PROVIDED RECORDS below:
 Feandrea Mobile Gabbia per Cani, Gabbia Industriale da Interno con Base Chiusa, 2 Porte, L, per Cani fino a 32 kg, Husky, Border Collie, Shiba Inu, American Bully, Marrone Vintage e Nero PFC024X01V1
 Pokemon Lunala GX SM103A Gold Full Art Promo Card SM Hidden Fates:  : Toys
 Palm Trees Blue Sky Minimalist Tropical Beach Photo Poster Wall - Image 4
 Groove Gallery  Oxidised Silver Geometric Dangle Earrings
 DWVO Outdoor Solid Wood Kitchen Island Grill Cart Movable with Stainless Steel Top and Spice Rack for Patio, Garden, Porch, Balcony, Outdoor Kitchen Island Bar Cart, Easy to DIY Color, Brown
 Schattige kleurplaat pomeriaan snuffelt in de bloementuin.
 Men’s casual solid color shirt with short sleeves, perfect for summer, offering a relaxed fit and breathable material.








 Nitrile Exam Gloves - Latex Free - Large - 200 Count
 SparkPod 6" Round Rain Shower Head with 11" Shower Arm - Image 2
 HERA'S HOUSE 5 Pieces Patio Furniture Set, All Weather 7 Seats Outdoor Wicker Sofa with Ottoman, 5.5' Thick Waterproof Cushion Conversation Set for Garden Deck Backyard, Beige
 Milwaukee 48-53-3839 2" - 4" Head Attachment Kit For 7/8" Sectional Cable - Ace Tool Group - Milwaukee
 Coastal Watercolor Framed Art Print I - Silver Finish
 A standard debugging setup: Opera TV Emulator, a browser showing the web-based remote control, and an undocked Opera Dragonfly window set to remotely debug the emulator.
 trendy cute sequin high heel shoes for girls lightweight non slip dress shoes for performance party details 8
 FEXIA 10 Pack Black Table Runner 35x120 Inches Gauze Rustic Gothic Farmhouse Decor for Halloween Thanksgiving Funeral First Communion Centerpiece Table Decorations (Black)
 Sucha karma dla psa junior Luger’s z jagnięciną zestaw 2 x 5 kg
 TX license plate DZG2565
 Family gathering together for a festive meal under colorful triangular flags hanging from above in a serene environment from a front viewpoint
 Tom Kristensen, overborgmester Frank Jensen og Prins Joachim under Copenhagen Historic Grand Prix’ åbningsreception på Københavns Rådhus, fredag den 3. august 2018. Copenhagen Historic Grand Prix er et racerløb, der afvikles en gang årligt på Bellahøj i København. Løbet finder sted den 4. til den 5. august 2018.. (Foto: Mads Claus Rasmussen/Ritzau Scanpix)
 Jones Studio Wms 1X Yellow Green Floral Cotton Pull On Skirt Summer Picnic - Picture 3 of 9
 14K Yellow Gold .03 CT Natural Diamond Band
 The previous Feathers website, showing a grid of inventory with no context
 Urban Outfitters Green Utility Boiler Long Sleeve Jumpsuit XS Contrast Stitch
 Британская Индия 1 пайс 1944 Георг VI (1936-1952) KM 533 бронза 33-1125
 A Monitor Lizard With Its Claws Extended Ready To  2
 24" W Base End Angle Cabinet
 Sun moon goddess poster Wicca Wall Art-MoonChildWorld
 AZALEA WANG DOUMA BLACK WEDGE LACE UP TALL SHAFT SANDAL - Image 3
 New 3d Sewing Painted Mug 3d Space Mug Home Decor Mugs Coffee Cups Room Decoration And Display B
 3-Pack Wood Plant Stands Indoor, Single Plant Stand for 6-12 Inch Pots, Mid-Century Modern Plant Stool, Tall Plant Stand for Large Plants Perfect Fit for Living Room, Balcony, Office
End of PROVIDED RECORDS.
(DIRECTIONS FOR THIS TASK): Retype the entries exactly from the first line, stopping after the line with "Family gathering together".

(RESULT):
 Feandrea Mobile Gabbia per Cani, Gabbia Industriale da Interno con Base Chiusa, 2 Porte, L, per Cani fino a 32 kg, Husky, Border Collie, Shiba Inu, American Bully, Marrone Vintage e Nero PFC024X01V1
 Pokemon Lunala GX SM103A Gold Full Art Promo Card SM Hidden Fates:  : Toys
 Palm Trees Blue Sky Minimalist Tropical Beach Photo Poster Wall - Image 4
 Groove Gallery  Oxidised Silver Geometric Dangle Earrings
 DWVO Outdoor Solid Wood Kitchen Island Grill Cart Movable with Stainless Steel Top and Spice Rack for Patio, Garden, Porch, Balcony, Outdoor Kitchen Island Bar Cart, Easy to DIY Color, Brown
 Schattige kleurplaat pomeriaan snuffelt in de bloementuin.
 Men’s casual solid color shirt with short sleeves, perfect for summer, offering a relaxed fit and breathable material.








 Nitrile Exam Gloves - Latex Free - Large - 200 Count
 SparkPod 6" Round Rain Shower Head with 11" Shower Arm - Image 2
 HERA'S HOUSE 5 Pieces Patio Furniture Set, All Weather 7 Seats Outdoor Wicker Sofa with Ottoman, 5.5' Thick Waterproof Cushion Conversation Set for Garden Deck Backyard, Beige
 Milwaukee 48-53-3839 2" - 4" Head Attachment Kit For 7/8" Sectional Cable - Ace Tool Group - Milwaukee
 Coastal Watercolor Framed Art Print I - Silver Finish
 A standard debugging setup: Opera TV Emulator, a browser showing the web-based remote control, and an undocked Opera Dragonfly window set to remotely debug the emulator.
 trendy cute sequin high heel shoes for girls lightweight non slip dress shoes for performance party details 8
 FEXIA 10 Pack Black Table Runner 35x120 Inches Gauze Rustic Gothic Farmhouse Decor for Halloween Thanksgiving Funeral First Communion Centerpiece Table Decorations (Black)
 Sucha karma dla psa junior Luger’s z jagnięciną zestaw 2 x 5 kg
 TX license plate DZG2565
 Family gathering together for a festive meal under colorful triangular flags hanging from above in a serene environment from a front viewpoint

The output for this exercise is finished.